< Klaagliederen 5 >
1 Gedenk toch, Jahweh, wat wij verduren, Zie toe, en aanschouw onze smaad:
Remember, O Jehovah, what is come upon us! Look down and behold our reproach!
2 Ons erfdeel is aan anderen vervallen, Onze huizen aan vreemden.
Our inheritance is fallen to strangers, Our houses to aliens.
3 Wezen zijn wij, vaderloos, Als weduwen zijn onze moeders;
We are orphans; we are without a father; Our mothers are as widows.
4 Ons water drinken wij voor geld, Wij moeten ons eigen hout betalen.
Our water we drink for money; Our wood is sold to us.
5 Voortgezweept, met het juk om de hals, Uitgeput, maar men gunt ons geen rust!
With the yoke upon our necks, we are driven; We are wearied, and have no rest.
6 Naar Egypte steken wij de handen uit, Naar Assjoer om brood!
We have given the hand to the Egyptians, And to the Assyrians, to be satisfied with bread.
7 Onze vaderen hebben gezondigd: zij zijn niet meer, Wij dragen hun schuld:
Our fathers sinned; they are no more, And we bear their iniquities.
8 Slaven zijn onze heersers, En niemand, die ons uit hun handen verlost.
Servants rule over us; There is none that delivereth out of their hand.
9 Met gevaar voor ons leven halen wij brood, Voor het dreigende zwaard der woestijn;
With the peril of our lives we get our bread, Because of the sword of the wilderness.
10 Onze huid is heet als een oven, Door de koorts van de honger.
Our skin is parched like an oven Because of the burnings of hunger.
11 De vrouwen worden in Sion onteerd, De maagden in de steden van Juda;
Matrons in Zion have they ravished, And maidens in the cities of Judah.
12 Vorsten door hen opgehangen, Geen oudsten gespaard.
Princes were hanged up by their hand; The faces of the elders were not honored.
13 De jongens moeten de molensteen torsen, De knapen bezwijken onder het hout;
Young men carried millstones, And boys fell under burdens of wood.
14 Geen grijsaards meer in de poorten, Geen jonge mannen meer met hun lier.
The elders sit no more at the gate; The young men have ceased from their music.
15 Geen blijdschap meer voor ons hart, Onze reidans veranderd in rouw,
The joy of our heart is at an end; Our dancing is turned into mourning.
16 Gevallen de kroon van ons hoofd: Wee onzer, wij hebben gezondigd!
The crown is fallen from our head; Woe unto us, that we have sinned!
17 Hierom is ons hart verslagen, Staan onze ogen zo dof:
For this is our heart faint, For these things our eyes are dim;
18 Om de Sionsberg, die ligt verlaten, Waar enkel jakhalzen lopen.
On account of mount Zion, which is desolate; Foxes roam over it.
19 Maar Gij zetelt in eeuwigheid, Jahweh; Uw troon van geslacht tot geslacht!
But thou, O Jehovah, sittest as king forever; Thy throne endureth from generation to generation.

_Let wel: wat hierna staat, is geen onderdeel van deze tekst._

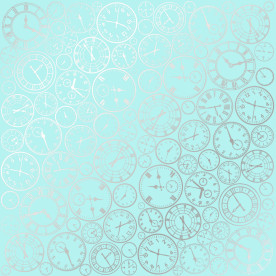 Лист односторонней бумаги с фольгированием Silver Clocks Turquoise 30,5х30,5 см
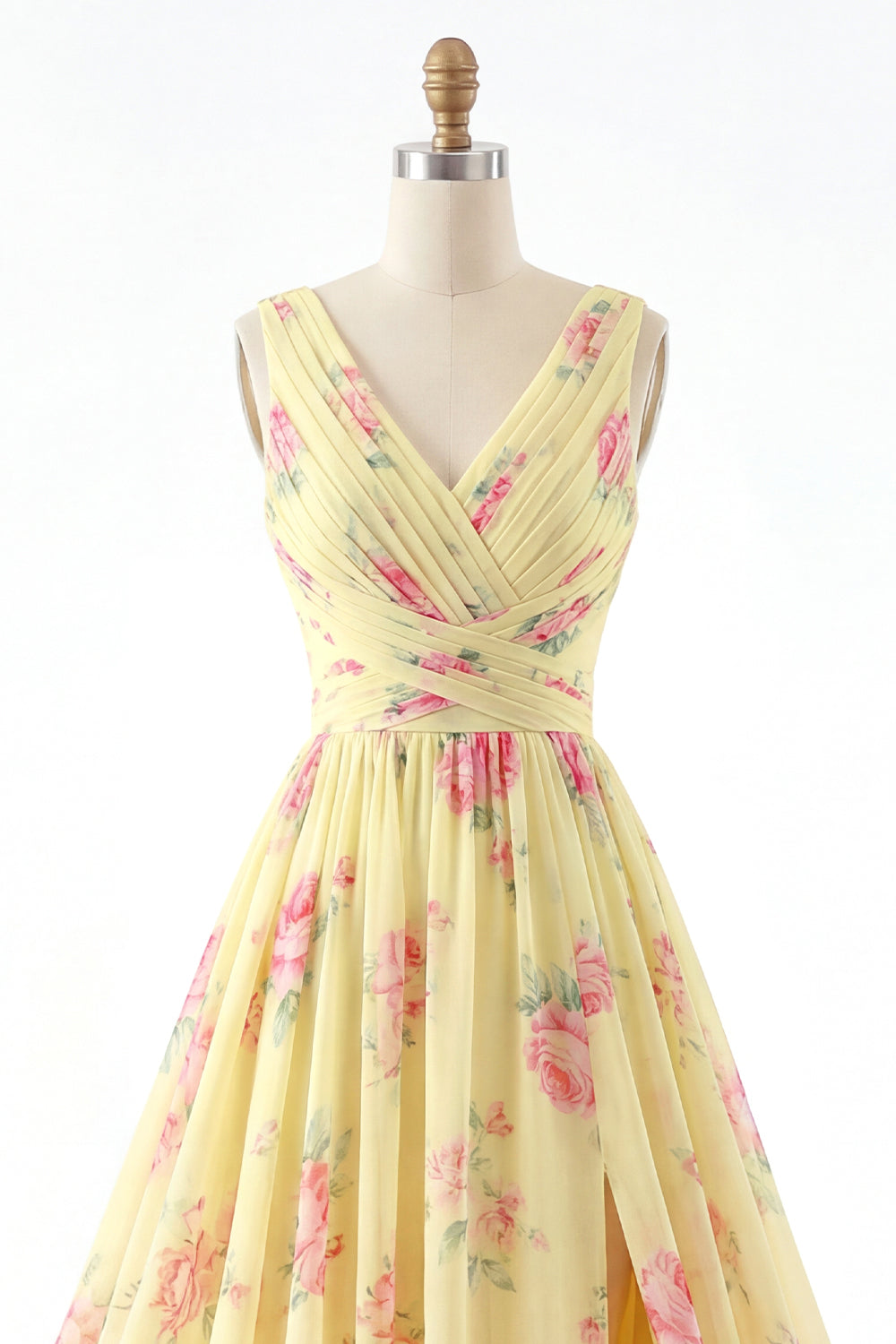 Floral V-Neck Ruched A Line Butter Yellow Prom Dress with Slit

20 Waarom zoudt Gij ons dan altijd vergeten, Ten einde toe ons verlaten?
Wherefore dost thou wholly forget us, And abandon us, for so long a time?
21 Ach Jahweh, breng ons tot U terug: wij willen bekeren; Maak onze dagen weer als voorheen!
Turn us again to thee, O Jehovah, that we may be restored! Renew our days as of old!
22 Neen, Gij hebt ons niet voor immer verworpen, Gij blijft op ons niet zo hevig verbolgen!
For shouldst thou utterly reject us? Shouldst thou be so exceedingly wroth against us?